● Directions for this task: Only the lines from the one containing "Wave Glass Chandelier - Cueteks" through the last line of the data below belong in your answer, copied exactly and without pictures.

● Material provided:
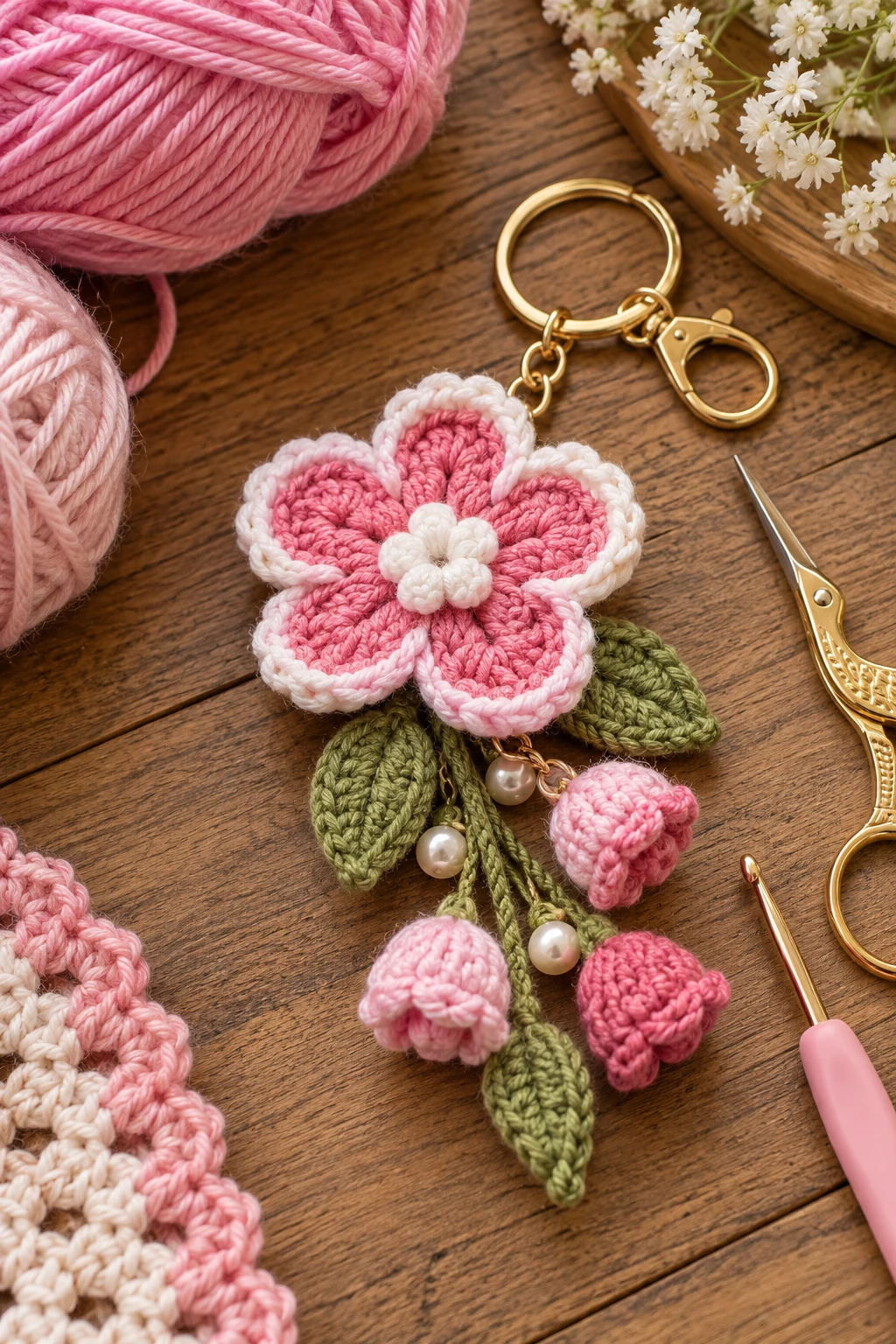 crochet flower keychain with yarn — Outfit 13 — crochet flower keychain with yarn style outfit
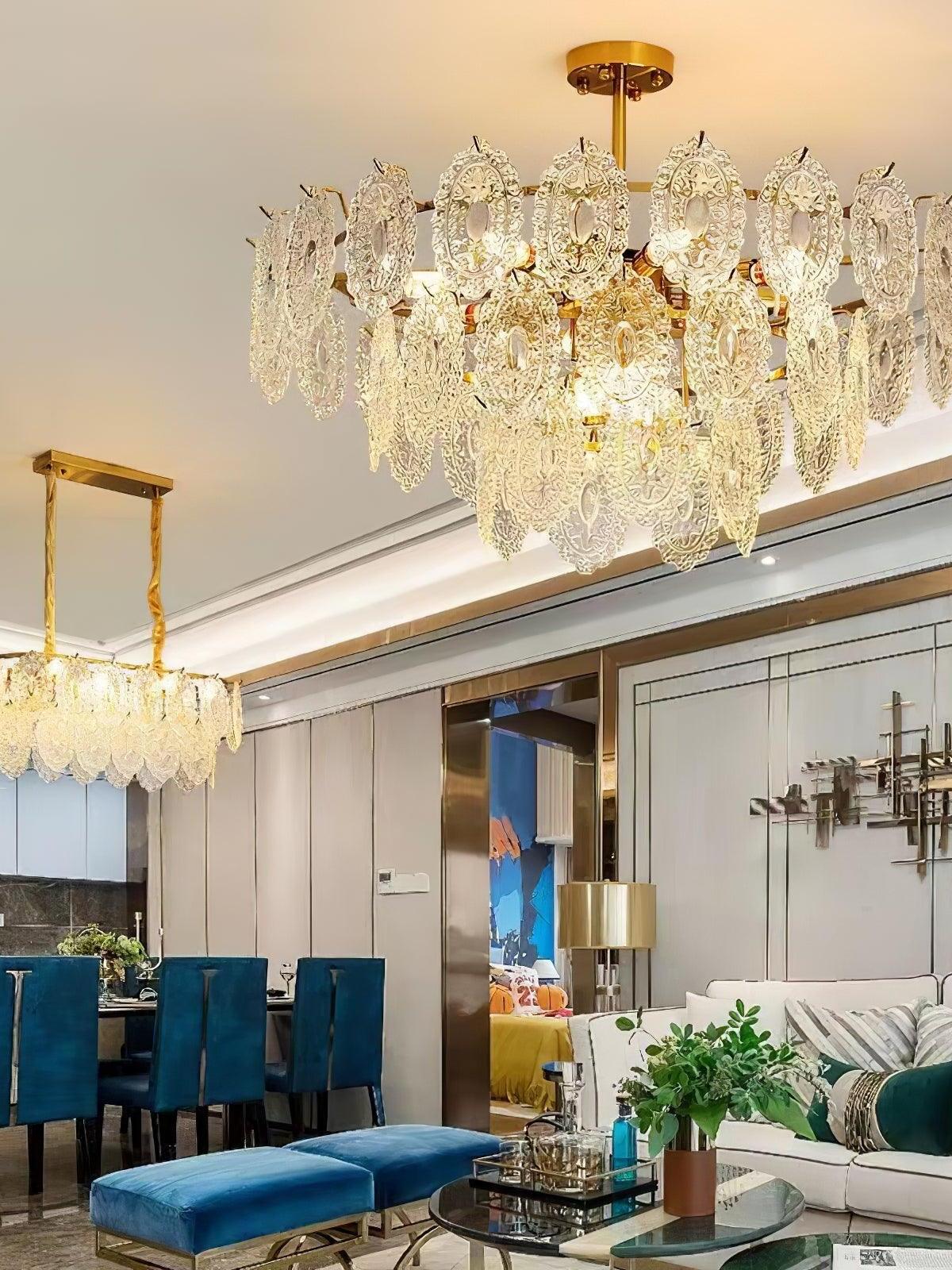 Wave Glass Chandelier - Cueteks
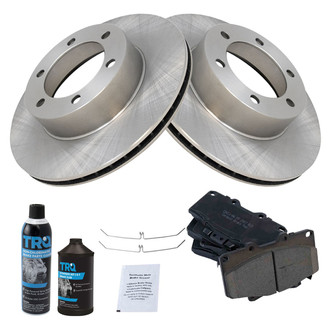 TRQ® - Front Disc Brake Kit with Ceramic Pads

● Answer to the exercise:
 Wave Glass Chandelier - Cueteks
 TRQ® - Front Disc Brake Kit with Ceramic Pads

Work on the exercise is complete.